Mr Shtengelov lives with his family on the Gold Coast, where he owns a sports facility managed by his sister. He splits his time there with Russia, where his company is based.
It's been revealed 41 children were among the 64 killed in the blaze which started at the upper levels of the mall at the weekend. Authorities are still trying to recover the bodies of six victims still trapped inside.
The cause of the blaze is still unknown.
Russian investigators say four people have been detained and are being questioned over the blaze, including the head of the managing company providing services to the shopping mall and a tenant of the space at the centre of the fire.
Mr Shtengelov has told Russian media he’s just an investor and did not know specific details of the building, such as the materials used.
He said he won't be returning to Russia.
“We have started selling individual sites so the whole complex has many owners,” he told Russian media outlet Mash, naming another official.
“If you were to ask me, I would say she (the official) is the director.
“She was appointed as the director of the shopping mall. Naturally I was involved in the appointment of the director.”
Officials say fire exits were illegally blocked as the blaze raged, and an alarm system was turned off by a security guard who'd just received an emergency call.

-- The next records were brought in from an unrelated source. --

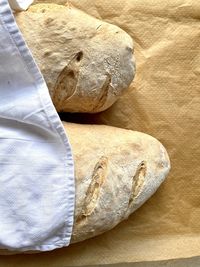 High angle view of bread on table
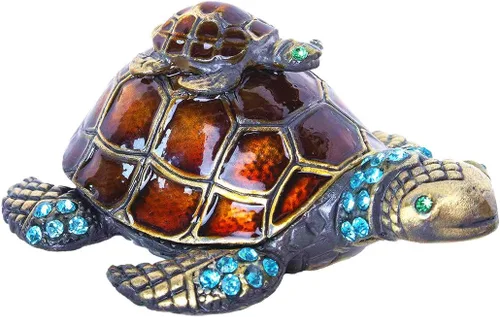 Vista 8 de YU FENG Figuras de tortuga para madre y bebé, cajas de joyería con bisagras coleccionables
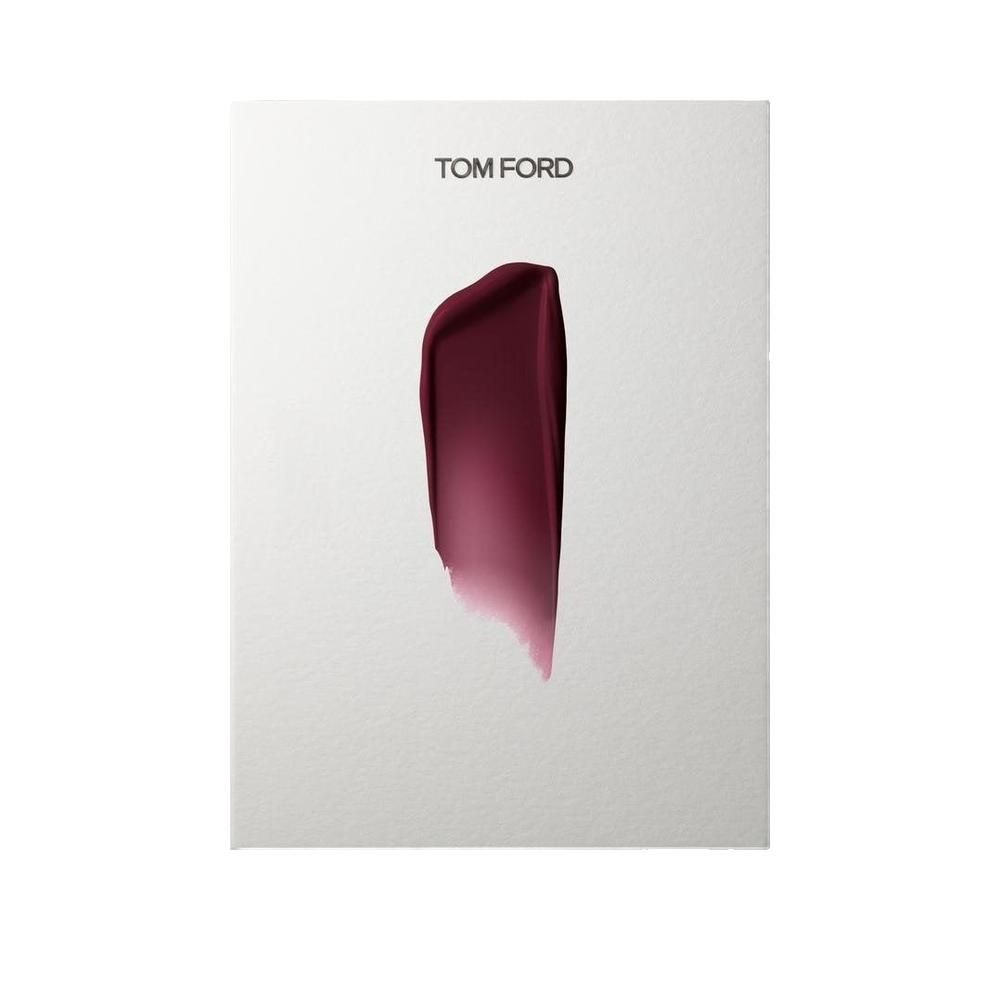 Weißes Blatt mit einem Lippenstift-Swatch. Marke Tom Ford oben.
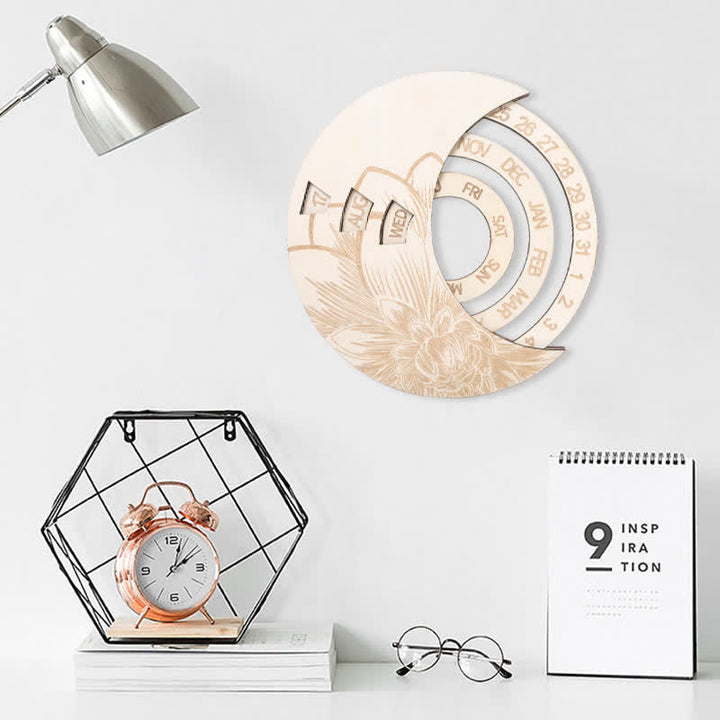 Calendrier perpétuel en forme de croissant de lune en bois avec cercle Olivenorma pour décoration murale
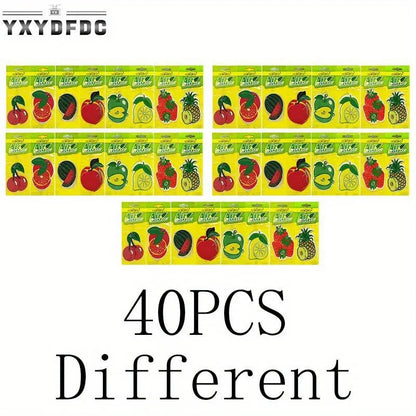 3-80pcs Fruit Car Air Freshener Natural Aromatherapy Tea Paper Hanging Perfume Vanilla Auto Parts Interior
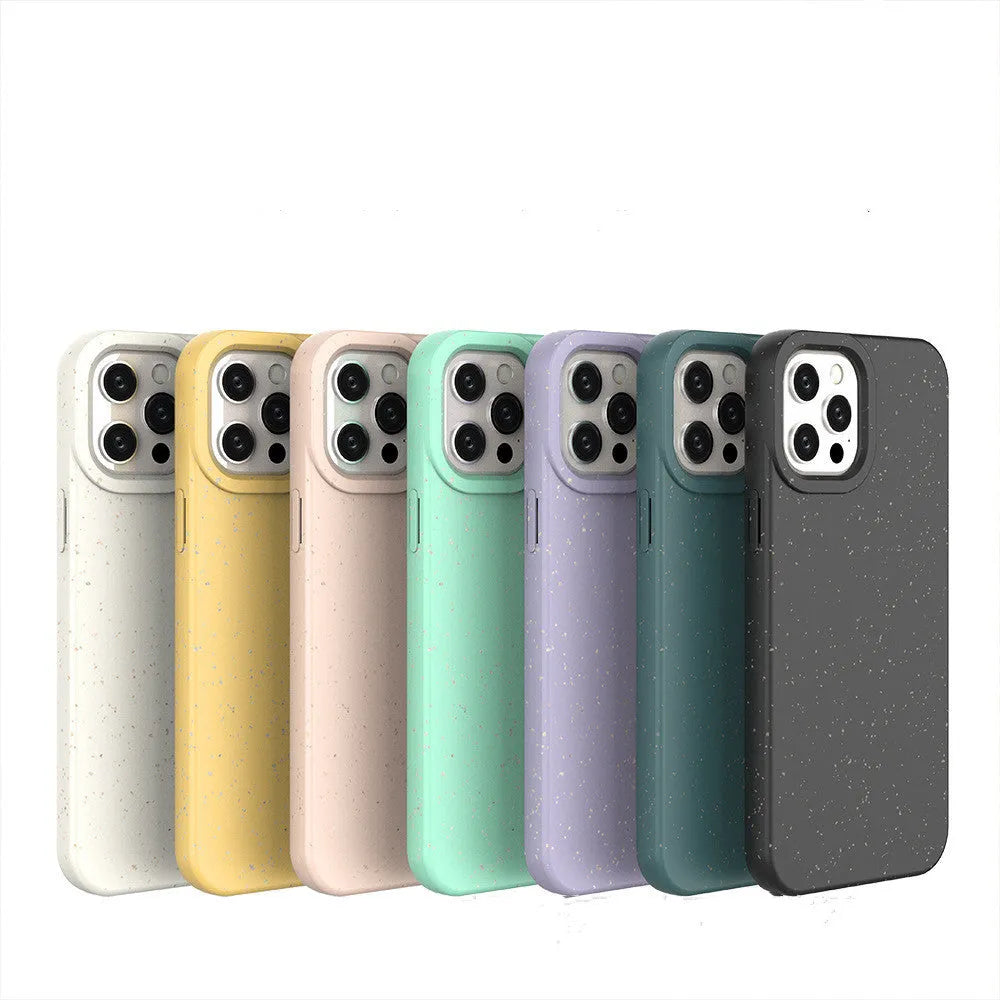 Fully degradable wheat straw composite phone case for Apple iPhone 14 Pro Max in multiple colours.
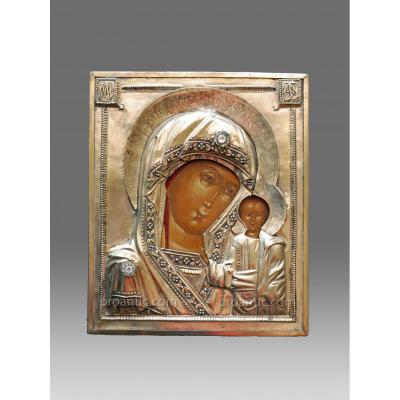 Icon Virgin Kazan With A Gilded Riza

Russian president Vladimir Putin says criminal negligence was behind the tragedy.
He made the comments are visiting the scene of the fire and laying flowers in a makeshift memorial near the site.
“What's happening here? This isn't war, it's not a spontaneous methane outburst in a mine,” he said.
"People came to relax, children... We're talking about demography and losing so many people.
“Why? “Because of some criminal negligence, because of slovenliness. How could this ever happen? What was the reason? What are the consequences?"